▸ TASK DETAILS: Go to the line with "Delock Adapter HDMI-A" in the records below, then output it and each following line exactly, up to and including the line with "Beliani Hängeleuchte Tamarin". Skip pictures and add nothing.

▸ GIVEN DATA:
*** Block opens ***
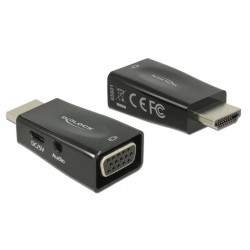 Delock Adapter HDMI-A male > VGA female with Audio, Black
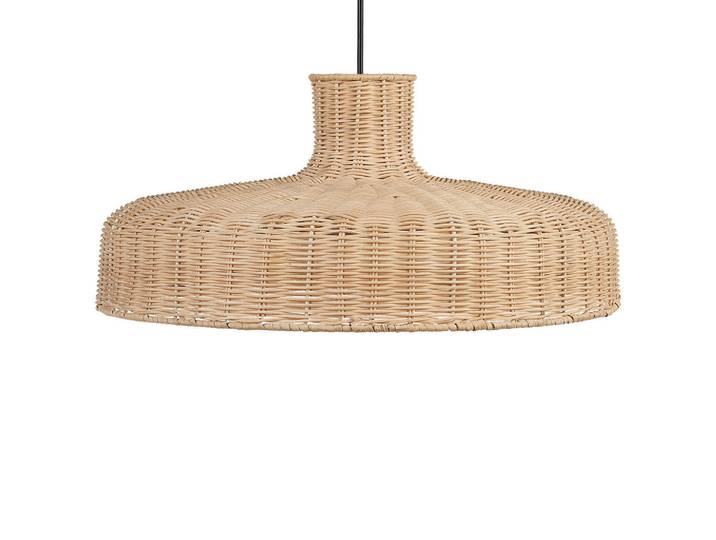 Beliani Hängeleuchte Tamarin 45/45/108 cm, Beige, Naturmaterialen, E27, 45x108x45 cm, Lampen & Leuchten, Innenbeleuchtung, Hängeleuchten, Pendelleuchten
*** Block closes ***
*** Block opens ***
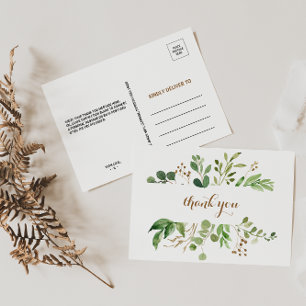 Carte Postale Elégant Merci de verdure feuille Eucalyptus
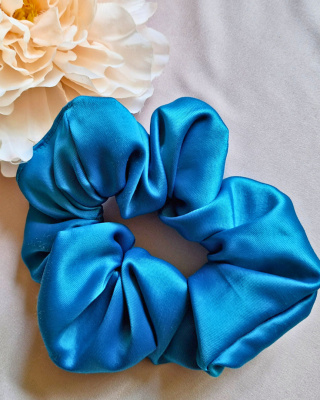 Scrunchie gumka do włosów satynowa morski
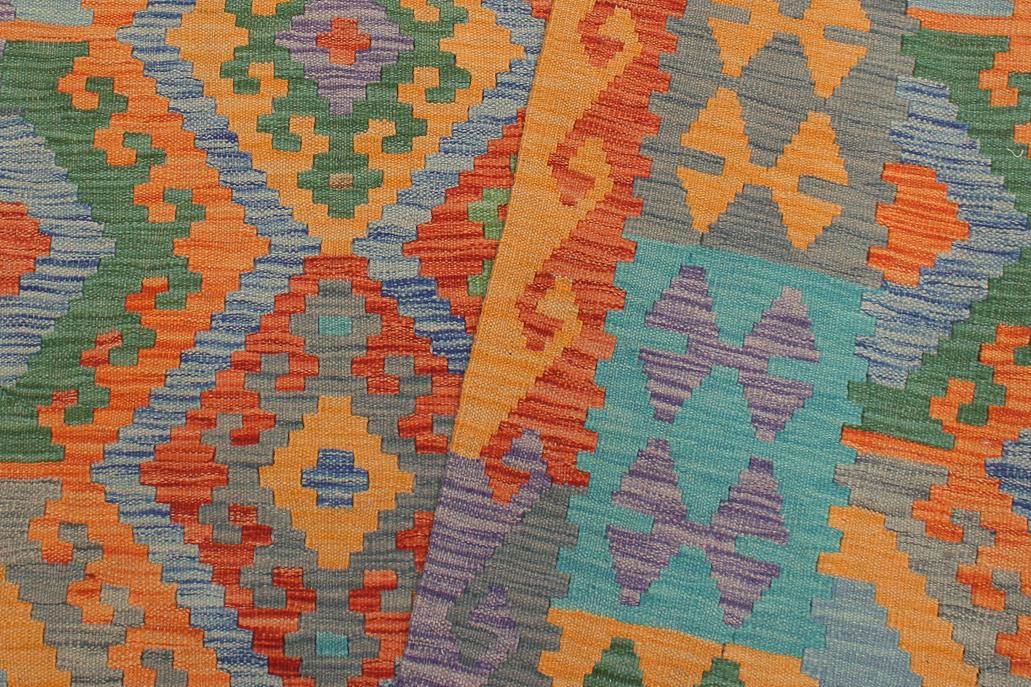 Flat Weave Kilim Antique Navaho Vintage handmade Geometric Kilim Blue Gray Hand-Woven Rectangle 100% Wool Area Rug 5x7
*** Block closes ***
*** Block opens ***
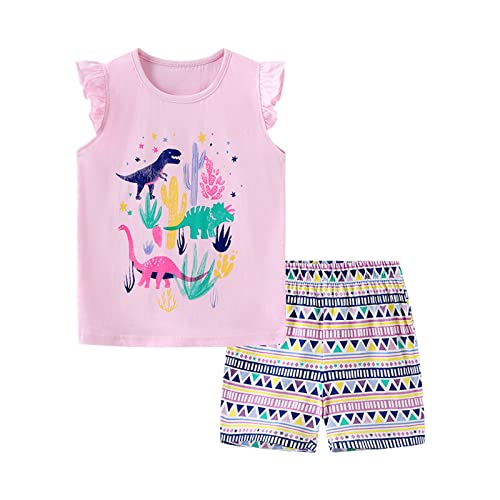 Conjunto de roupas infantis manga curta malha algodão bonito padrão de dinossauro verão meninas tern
*** Block closes ***
▸ EXERCISE SOLUTION:
 Delock Adapter HDMI-A male > VGA female with Audio, Black
 Beliani Hängeleuchte Tamarin 45/45/108 cm, Beige, Naturmaterialen, E27, 45x108x45 cm, Lampen & Leuchten, Innenbeleuchtung, Hängeleuchten, Pendelleuchten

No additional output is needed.